Tout cela, d’ailleurs, n’est pas aussi neuf qu’on le voudrait faire croire, et de pareilles peintures n’ont pas été le moins du monde étrangères à l’antiquité. On a encore un petit drame grotesque d’Euripide, et il me semble qu’en fait de fantaisie, les nuages parlans et les grenouilles railleuses d’Aristophane ne laissent pas plus à désirer que les matamores poltrons ou les parasites borgnes et ventrus de la scène latine. L’histoire est donc là pour démentir ces assertions pompeuses et frivoles Voici même Pline qui vous renvoie à cet artiste grec, à ce peintre de chiffonniers[1], dont les ouvrages étaient d’un prix exorbitant. Par le temps qui court, ce dernier détail ne gâte rien, et il absoudra quelque peu, je l’espère, aux yeux des modernes grotesques la prétendue pruderie des anciens. Rien n’est moins vrai, au surplus, que de faire coïncider l’intervention de l’élément grotesque dans l’art avec le christianisme ; l’art chrétien, au contraire, garda cela des païens comme un élément d’opposition contre son propre idéalisme, comme une protestation persistante de la chair contre l’esprit. Ces figurines bizarres qui grimacent sous les porches des églises, la fête de l’âne, la danse macabre, toutes les folles et cyniques gausseries du moyen-âge ne sont pas autre chose.

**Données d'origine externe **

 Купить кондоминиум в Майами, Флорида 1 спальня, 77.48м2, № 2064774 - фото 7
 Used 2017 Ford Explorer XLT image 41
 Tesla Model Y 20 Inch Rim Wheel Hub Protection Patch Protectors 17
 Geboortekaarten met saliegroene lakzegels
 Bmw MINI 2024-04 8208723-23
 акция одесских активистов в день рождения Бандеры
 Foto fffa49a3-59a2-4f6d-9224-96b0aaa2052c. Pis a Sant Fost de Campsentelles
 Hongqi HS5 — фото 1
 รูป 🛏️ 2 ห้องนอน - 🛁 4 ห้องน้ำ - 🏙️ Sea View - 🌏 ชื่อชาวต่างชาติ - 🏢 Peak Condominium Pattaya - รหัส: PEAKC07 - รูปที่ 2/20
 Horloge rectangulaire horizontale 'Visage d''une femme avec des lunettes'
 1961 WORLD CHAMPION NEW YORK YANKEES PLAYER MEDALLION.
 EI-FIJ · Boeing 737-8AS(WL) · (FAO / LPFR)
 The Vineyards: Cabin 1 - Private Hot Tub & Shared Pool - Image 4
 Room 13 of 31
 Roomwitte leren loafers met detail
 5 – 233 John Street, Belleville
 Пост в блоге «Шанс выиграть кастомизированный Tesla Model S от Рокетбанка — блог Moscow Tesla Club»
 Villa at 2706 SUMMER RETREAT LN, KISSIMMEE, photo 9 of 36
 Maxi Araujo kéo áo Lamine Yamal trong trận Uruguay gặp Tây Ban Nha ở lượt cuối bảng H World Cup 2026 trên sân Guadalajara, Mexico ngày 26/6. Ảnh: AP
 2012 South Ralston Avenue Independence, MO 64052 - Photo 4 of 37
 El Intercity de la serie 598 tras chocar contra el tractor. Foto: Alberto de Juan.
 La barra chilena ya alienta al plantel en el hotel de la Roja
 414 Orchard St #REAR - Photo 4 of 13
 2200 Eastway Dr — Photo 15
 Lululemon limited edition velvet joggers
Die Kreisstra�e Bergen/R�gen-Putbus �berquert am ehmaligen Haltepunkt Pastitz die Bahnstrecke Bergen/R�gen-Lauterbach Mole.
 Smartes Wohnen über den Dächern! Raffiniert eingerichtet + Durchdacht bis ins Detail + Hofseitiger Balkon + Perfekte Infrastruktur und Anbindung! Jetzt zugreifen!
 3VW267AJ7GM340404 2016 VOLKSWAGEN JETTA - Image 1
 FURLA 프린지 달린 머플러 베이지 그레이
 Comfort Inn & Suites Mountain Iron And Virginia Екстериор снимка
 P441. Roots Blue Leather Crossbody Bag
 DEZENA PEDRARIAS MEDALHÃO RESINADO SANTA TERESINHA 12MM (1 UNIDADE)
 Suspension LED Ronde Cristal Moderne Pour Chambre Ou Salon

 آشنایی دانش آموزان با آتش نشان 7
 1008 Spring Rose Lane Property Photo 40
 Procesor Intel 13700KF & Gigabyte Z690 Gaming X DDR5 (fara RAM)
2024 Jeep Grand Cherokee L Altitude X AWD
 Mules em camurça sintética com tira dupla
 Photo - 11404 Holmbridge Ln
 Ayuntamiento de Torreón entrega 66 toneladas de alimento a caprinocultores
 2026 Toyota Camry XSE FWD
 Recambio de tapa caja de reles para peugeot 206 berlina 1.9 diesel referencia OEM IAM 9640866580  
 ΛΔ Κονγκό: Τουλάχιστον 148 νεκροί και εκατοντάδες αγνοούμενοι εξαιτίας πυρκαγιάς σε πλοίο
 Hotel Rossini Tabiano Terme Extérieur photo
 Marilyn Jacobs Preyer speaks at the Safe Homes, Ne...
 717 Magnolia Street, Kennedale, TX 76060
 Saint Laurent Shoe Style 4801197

Appliquée non plus au drame lui-même, c’est-à-dire à l’invention des personnages, mais au détail du style, au procédé, au faire de l’écrivain, je ne saurais croire que cette doctrine de M. Victor Hugo soit meilleure. Elle a produit des effets déplorables. On a eu l’orgie des mots après l’orgie des idées, et le mot, une fois maître, a voulu tenir le sceptre. Voilà comment l’idée a été oubliée pour l’expression, qui bientôt l’a surchargée et écrasée. Dans cet enivrement de la forme, dans ce magnétisme fascinateur du langage, l’art de la plume est devenu

  1. C’est ainsi que traduit Wieland, et il traduit bien. Voyez, dans ses Mélanges” le court et judicieux morceau sur la teinture grotesque chez les Grecs.